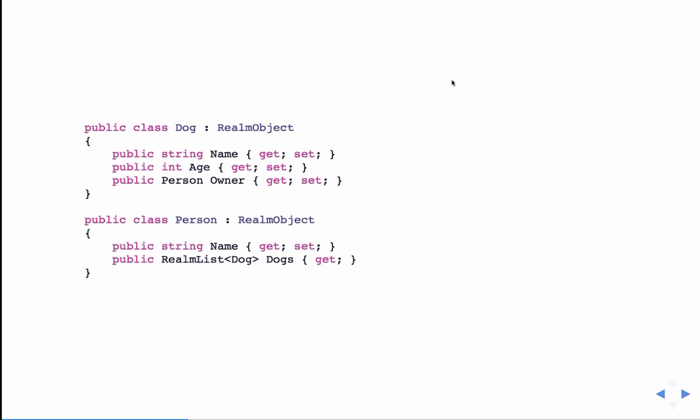Relationships are built by simply having a RealmObject property reference another RealmObject. For example, a Dog class has a Person owner property, and by virtue of being a RealmObject, that becomes a relation. For a one-to-many relationship - a person having many dogs - you use the RealmList. You only add a getter for the list because the list is instantiated for you when you create the object.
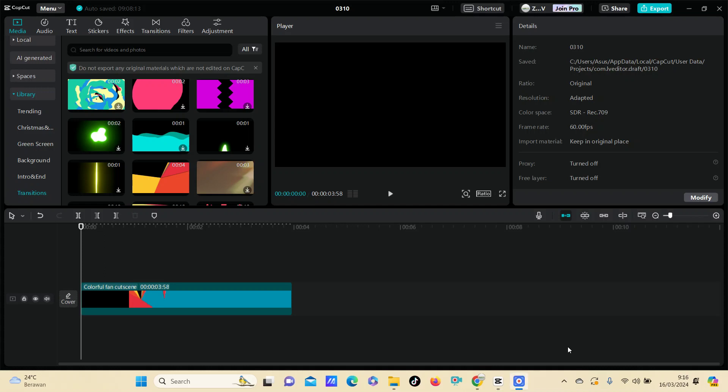Hello everyone, welcome back to this channel. In this simple video, I'm going to show you how you can make your video longer, or in other words, how you can extend your video duration. For instance, I already have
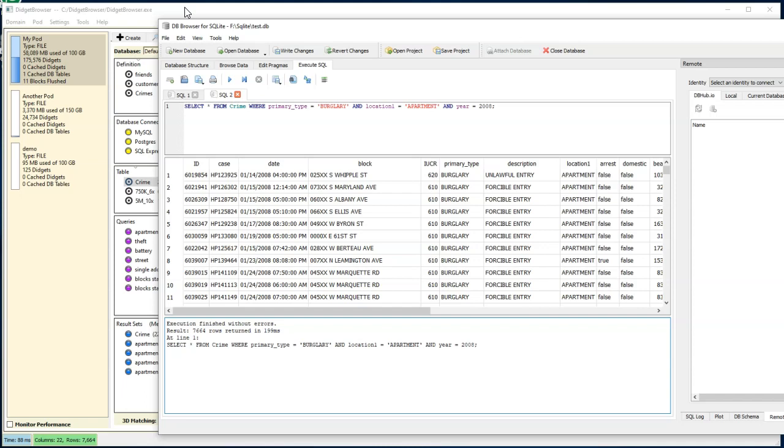We're in open beta, so you can download this Digit browser and all the files you need from our website at www.digits.com. Load in your own data set, or you can go get the Chicago Crime Data yourself and duplicate this on your own machine. We're really fast, and we'd love to have you try it out on your own data set. Thank you very much.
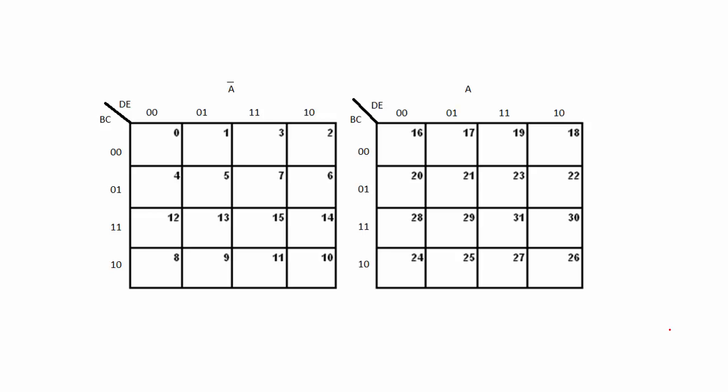In this video we shall see how we can group number of ones in a 5-variable K-map. The fundamental rule while grouping is that the grouping must result in minimum number of terms and also each term must have minimum number of variables.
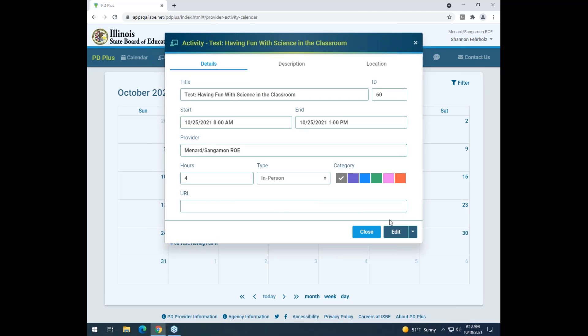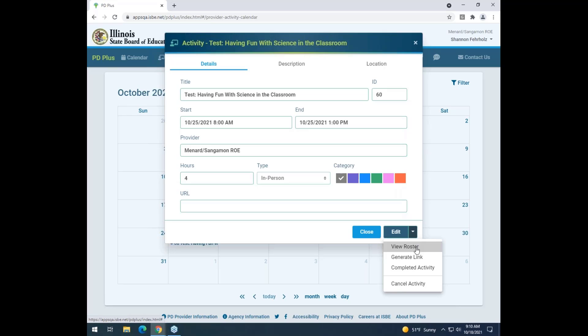From here, I'll be brought to an overview of the activity. On the drop-down menu next to the edit button, I'll click the arrow. You can see this generates different options such as view roster, generate link, mark the activity as completed, or cancel the activity.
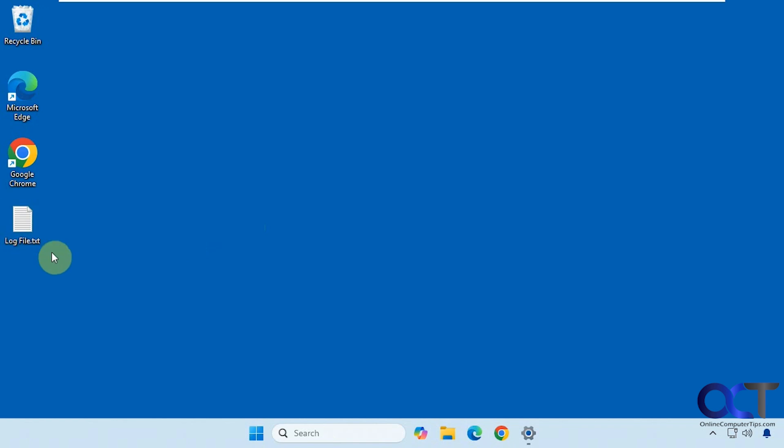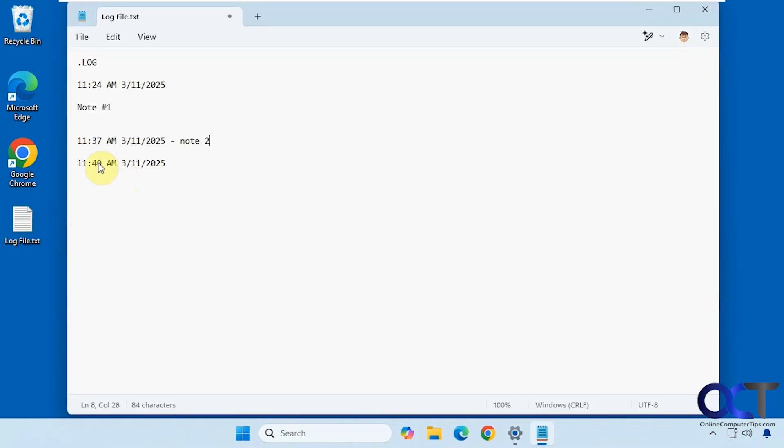I have a text file here called log file. If I open it up, you can see it just put the latest timestamp there to go along with the ones I had before. You could add your text in front of it, below it, off to the side, wherever you like once it makes the timestamp.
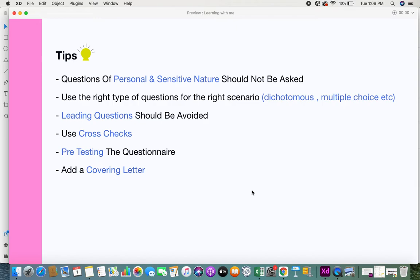Use cross-checks in your questionnaire. Cross-checks are cross-verification questions — for instance, if in an interview a customer said they wanted an online payment feature, you can ask about that again in the questionnaire to verify it. You can also place a cross-verification question later in the question list to confirm an earlier response.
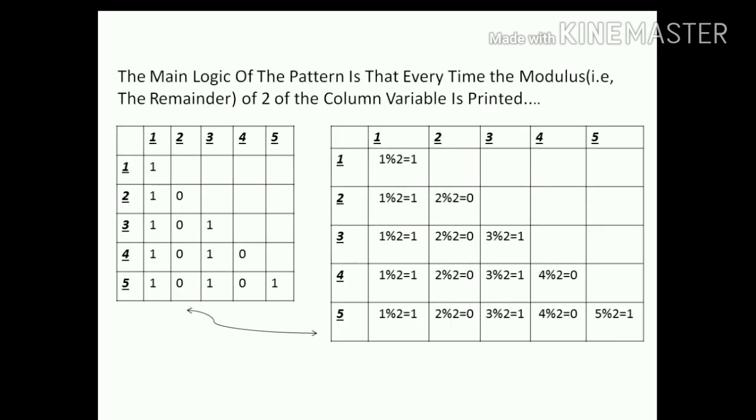Now the main logic of the pattern is that every time the modulus, which means the remainder of 2 of the column variable is printed. If you notice that when the column variable is 1, each 5 times 1 modulo 2 which is equals to 1 is printed. And for the next 4 times 2 modulo 2 equals to 0 is printed. And the series goes on.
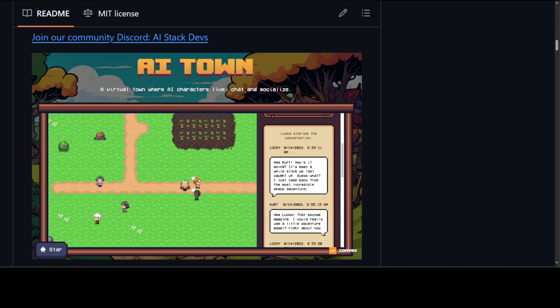Primarily, it is a virtual town where AI characters live, chat, and socialize. This project is a deployable starter kit for easily building and customizing your own version of AI Town.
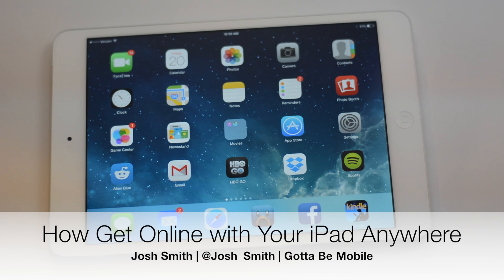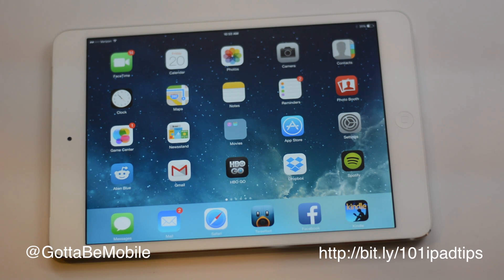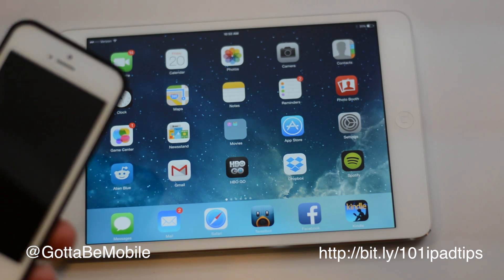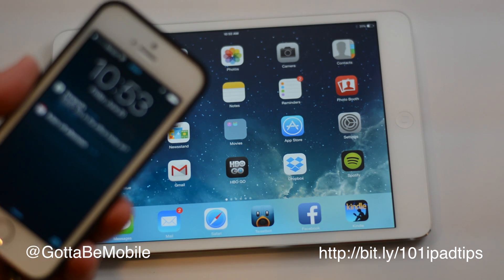Do you have a Wi-Fi iPad and wish you could get online anywhere? I'm Josh Smith with AtomyMobile.com and I'm going to show you how to do that, as long as you have a smartphone with a shared data plan.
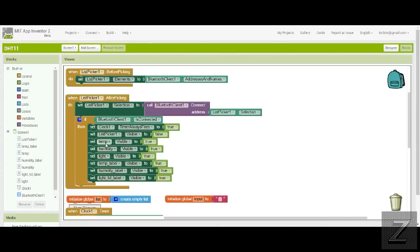Then it sets the list picker, which was the connect button. It makes that invisible, so it turns that false. And then the temp, humidity, and light, and there's a label. And then there's the name of it, so there's six of them here and you've got to set them all to true.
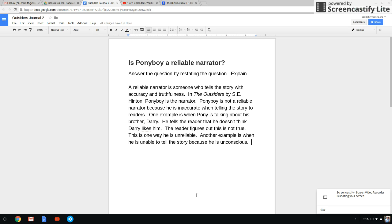This video is for those of you that are having a hard time with your actual citation. A citation is a quote that comes directly out of the novel or the short story, or whatever text that you're using and that you're answering the prompt from.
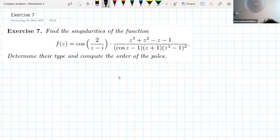In this video, we are going to solve exercise 7 from worksheet 2. We have to find singularities of the function f of z. It's a function which is a bit complicated, and we want to see all the techniques we have explored in exercise 1 to find singularities.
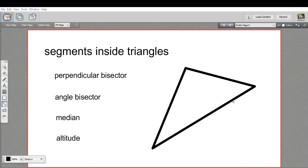A perpendicular bisector is when you take one of the sides of a triangle and find the midpoint — let's say it's right there — and then you draw a line that's perpendicular. You'll notice that where it ends up on the other side isn't necessarily at a vertex, but we've got a perpendicular bisector.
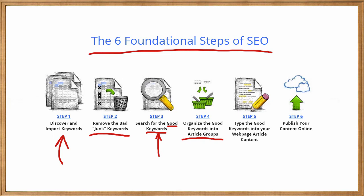Keyword Researcher also allows you to create content in the app. And the app will tell you if your keywords exist in the article content or not. And then, when your content is all done, you can export it to WordPress if you want. So again, these are the very simple six foundational steps of SEO.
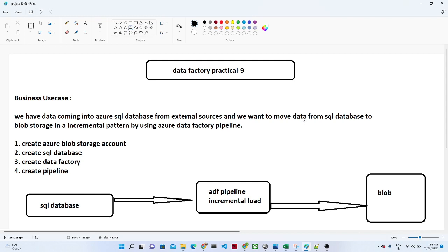Hello everyone, thanks for joining me. In this video we are going to start with our practical number 9. We have already covered practical number 1 to 8 in our Azure Data Engineering Playlist. If you haven't seen those videos, please go and do watch. We have already started the Azure Data Engineering Playlist, where we are covering from basic to advanced level.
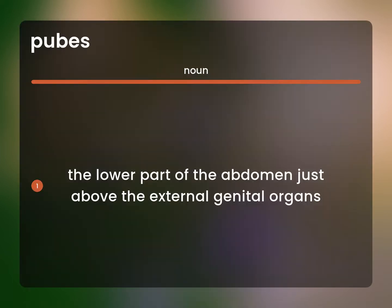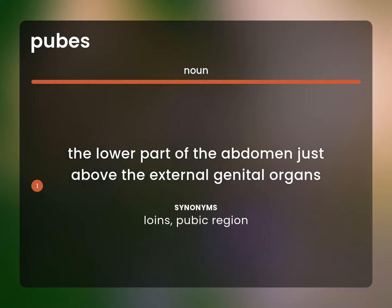The lower part of the abdomen just above the external genital organs. Loins. Pubic region.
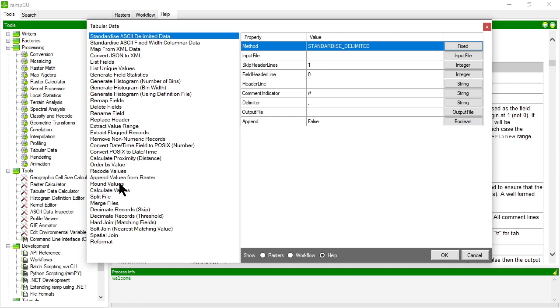So I hope this has been a useful introduction to the tabular data processor in RAMP. There's lots of stuff in there and we'll make more videos to talk about them in more detail. Thanks.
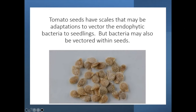The reason for vectoring these endophytic microbes inside and on the surface of the seed is so that the seedling that germinates will have access to those microbes that the parent plant had. The mother plant transmits those microbes to the offspring through the seeds.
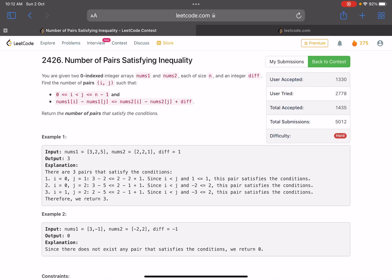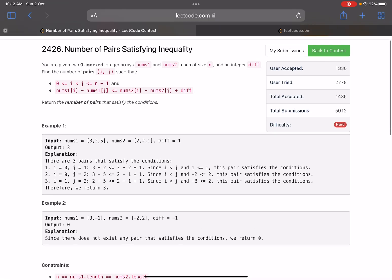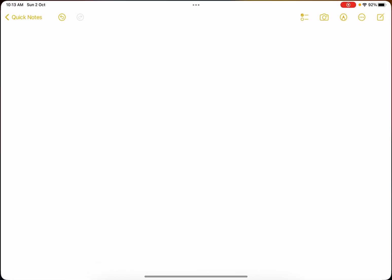Hello everyone, hope you are doing well. In this video we'll discuss the last problem of LeetCode bi-weekly contest 88. It's a hard level problem — the problem name is 'Number of Pairs Satisfying Inequality'. You are given two zero-indexed integer arrays nums1 and nums2, each of size n, and an integer diff. Find the number of pairs i, j such that two conditions are satisfied.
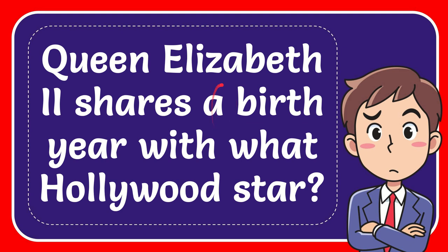In this video I'm going to give you the answer for this question. The question is Queen Elizabeth II shares a birth year with what Hollywood star?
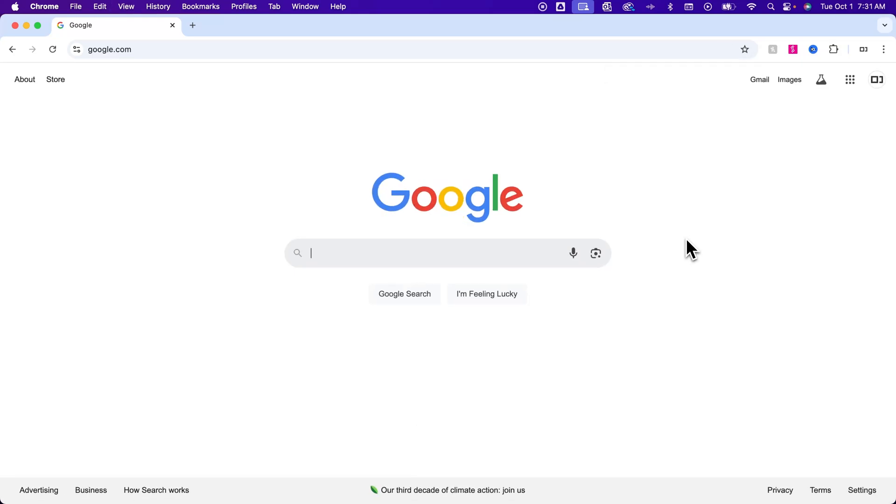And so just look at your keyboard, that should be control minus and plus on Windows, or command on Mac. And that's how you can easily zoom out on your Gmail.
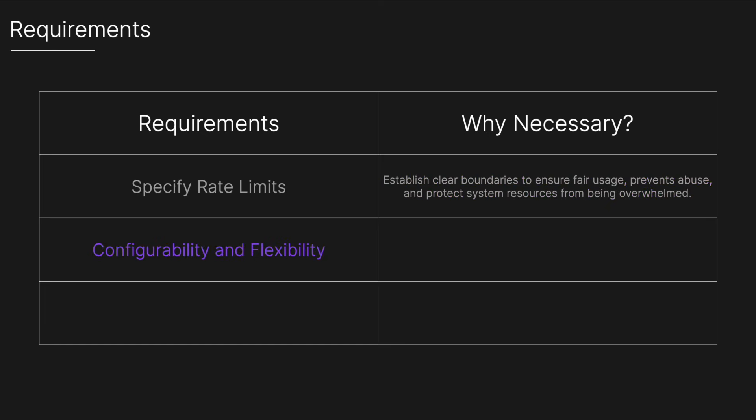We also want configurability and flexibility to allow dynamic configuration of rate limits without requiring system downtime and supporting different policies like fixed window or sliding window which we'll be learning more about later. This flexibility enables the system to adapt to changing requirements and handle diverse traffic patterns effectively.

▸ Task to complete: Return the lines above from the one with "From here, I'll" through the one with "This video is", verbatim and nothing else. Omit every picture.

▸ The completed task:
From here, I'll be brought to an overview of the activity. On the drop-down menu next to the edit button, I'll click the arrow. You can see this generates different options such as view roster, generate link, mark the activity as completed, or cancel the activity.
I have a text file here called log file. If I open it up, you can see it just put the latest timestamp there to go along with the ones I had before. You could add your text in front of it, below it, off to the side, wherever you like once it makes the timestamp.
Use cross-checks in your questionnaire. Cross-checks are cross-verification questions — for instance, if in an interview a customer said they wanted an online payment feature, you can ask about that again in the questionnaire to verify it. You can also place a cross-verification question later in the question list to confirm an earlier response.
Now the main logic of the pattern is that every time the modulus, which means the remainder of 2 of the column variable is printed. If you notice that when the column variable is 1, each 5 times 1 modulo 2 which is equals to 1 is printed. And for the next 4 times 2 modulo 2 equals to 0 is printed. And the series goes on.
Primarily, it is a virtual town where AI characters live, chat, and socialize. This project is a deployable starter kit for easily building and customizing your own version of AI Town.
Do you have a Wi-Fi iPad and wish you could get online anywhere? I'm Josh Smith with AtomyMobile.com and I'm going to show you how to do that, as long as you have a smartphone with a shared data plan.
Then it sets the list picker, which was the connect button. It makes that invisible, so it turns that false. And then the temp, humidity, and light, and there's a label. And then there's the name of it, so there's six of them here and you've got to set them all to true.
This video is for those of you that are having a hard time with your actual citation. A citation is a quote that comes directly out of the novel or the short story, or whatever text that you're using and that you're answering the prompt from.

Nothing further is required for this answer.